An Ran fronça légèrement les sourcils et dit avec indignation : « N'est-ce pas un cas flagrant de déni de responsabilité ? Si Madame Wu n'avait rien à y gagner, l'aurait-elle gardée auprès d'elle ? Sachez que leur famille n'était qu'un fonctionnaire de cinquième rang, et un membre prestigieux de l'Académie Hanlin. Quel revenu pouvaient-ils bien avoir ? »

« Leur vie ne s'est améliorée qu'après le départ de Jia Niang. Regardez les deux filles de Wu, leurs tenues sont aussi somptueuses que celles des filles légitimes de familles nobles. D'où leur vient cet argent ? » An Ran était furieuse. Elles les avaient déjà exploitées sans scrupules ; allaient-elles vraiment se retourner contre elle ? « Et maintenant, elles prétendent avoir un déficit… »

La princesse Yunyang hocha légèrement la tête, approuvant l'opinion d'An Ran.
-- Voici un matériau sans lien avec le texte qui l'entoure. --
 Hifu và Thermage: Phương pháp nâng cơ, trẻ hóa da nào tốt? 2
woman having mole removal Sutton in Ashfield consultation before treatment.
Par souci de préserver la réputation de Jia Niang, la princesse Yunyang s'abstint d'entreprendre des démarches contre la résidence du lettré Liu. Après tout, Jia Niang y avait vécu pendant trois ans et, aux yeux des étrangers, Madame Wu la traitait avec beaucoup d'égards. Elle l'emmenait même lors de sorties mondaines et Jia Niang était toujours vêtue comme la fille d'un haut fonctionnaire.
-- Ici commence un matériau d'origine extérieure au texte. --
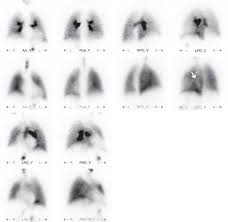 Image result for Ventilation Perfusion Scan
Si la princesse Yunyang les punissait immédiatement, cela amènerait inévitablement les gens à penser que Jia Niang était « ingrate ».

Ils sont restés silencieux pendant un certain temps, mais ils ont recommencé à faire des histoires ces derniers jours.

Auparavant, la princesse Yunyang les avait contraints à restituer la majeure partie des biens appartenant aux parents adoptifs de Jia Niang, n'en conservant qu'une petite quantité en signe de gratitude. Le reste fut mis sous scellés, et si Jia Niang souhaitait l'utiliser à Yangzhou pour construire un temple ancestral en l'honneur de ses parents adoptifs ou en faire don, la princesse Yunyang et son époux ne s'y opposeraient pas.

Qui aurait cru qu'ils seraient si avides et qu'ils commenceraient à semer le trouble ?

« Je suis un peu inquiète pour Jia Niang », confia la princesse Yunyang. « Jia Niang est encore très attachée à ses parents adoptifs, et je crains qu'elle ne fasse une bêtise. L'inquiétude peut obscurcir le jugement, et si elle agit impulsivement, elle risque de tomber dans le piège tendu par Wu et les autres. »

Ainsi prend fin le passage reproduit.